The Australian Taxation Office (ATO) has identified the following most common mistakes in relation to claiming tax deductions for business expenses in the tax returns:
- If a taxpayer uses a motor vehicle entirely for business purposes, the taxpayer is entitled to claim a deduction for the total operating costs of the vehicle. This situation is rare because most vehicles have some private use. Tradesmen most commonly have wholly business use vehicles because they regularly travel from home to a range of sites; in this case, minor private usage is ignored by the ATO.
- If the motor vehicle is used partly for business and partly for private purposes, the tax deduction for the operating costs of the car must be apportioned to reflect the business proportion;
- In any ATO review of tax deductions claimed for motor vehicles, the business use percentage must be supported by a logbook that records the business kilometers travelled during a continuous 12-week period.
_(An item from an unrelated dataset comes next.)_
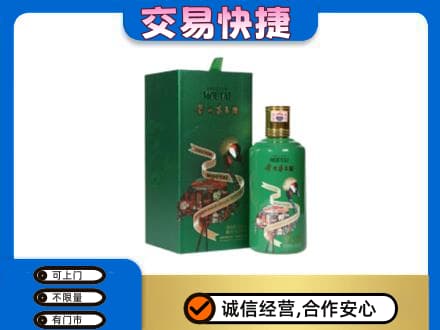 合肥肥东县茅台回收走出系列.jpg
The logbook must record the date and nature of each trip. The law requires the logbook record to be updated every 5 years or where the business use percentage significantly changes at any time. Failure to maintain a logbook may result in the ATO denying the tax deductions claimed with consequent penalties being imposed.
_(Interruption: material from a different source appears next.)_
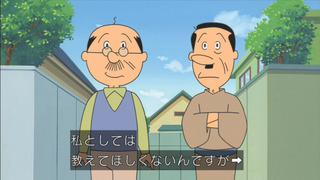 sazae-82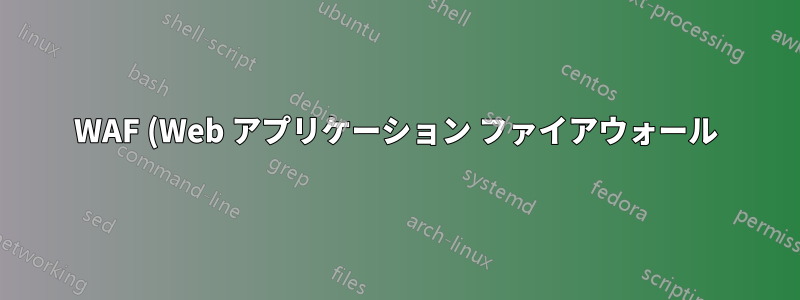 WAF (Web アプリケーション ファイアウォール) を IPS (侵入防止システム) で補強することは意味がありますか?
- Business expenses incurred by a taxpayer must be kept separately from the taxpayer’s private expenses (for example rent of home, fines, travel, food and renovations of a private residence). Ideally, private expenses should be paid from a separate bank account(s) from the bank account(s) used for business expenses – failure to do this may result in the denial of tax deductions and the imposition of fringe benefits tax;
- If the taxpayer is registered for GST, the GST exclusive income and expense amounts must be reported in the business’s income tax return. GST inclusive amounts can only be reported in the income tax return if the taxpayer is not registered for GST. Registration for GST is usually required when a taxpayer’s aggregate annual turnover exceeds $75,000 – in many cases, taxpayers with less turnover register for GST to give them commercial legitimacy i.e. customers become nervous if GST is not being charged;
- If the taxpayer’s accounting software is upgraded, the business and private expense codes should be reviewed; and
According to the ATO, the following three conditions for claiming tax deductions for business expenses must be satisfied:
- The expense must be incurred in relation to the taxpayer’s business and not for private purposes;
- If the expense was incurred partly for business and partly for private purposes, only the business proportion can be claimed as a tax deduction; and
- The taxpayer must keep adequate records for a period of at least 5 years. For capital gains tax assets, the records must be kept for 5 years after the disposal of a CGT asset – this means that records, in relation to a CGT asset such as shares or property purchased in 1995 and sold in 2019, must be retained until 2024, 19 years after purchase.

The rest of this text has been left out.